I don’t think mine do – at least not all the time. But I think the whole point of growing as a person is trying to become a better version of yourself – one that lines up with who you want to be and how you want others to see you. I don’t think changing is the hard part. I think accepting the fact that you actually want to change is what’s hard. We all get so used to this idea of accepting ourselves as we are and that’s great because we should accept ourselves, but don’t let that stop you from always trying to be a better person than you were yesterday. Don’t stop thinking about what you want your word (your identifier) to be and striving to make that true. Never get so comfortable with yourself that you stop thinking of more – that you stop thinking of better adjectives.
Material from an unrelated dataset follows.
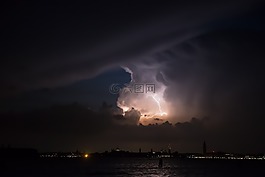 黑暗,夜,云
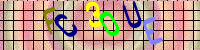 Blue Captcha Image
2 thoughts on “What’s your word?

  1. Fascinating discussion. Great post!
    Maybe describing our gifts is a better idea? Gift is a verb … not to throw you into another word play … but if we can describe our actions or those actions that make us better, would that be a good path to acceptance?
    Thanks for the challenge!

    Liked by 1 person

    1. I like that! I think understanding our actions and their impact on us is a huge part to the overall acceptance and changing process – and it’s so important to understand and recognize the many gifts we all have!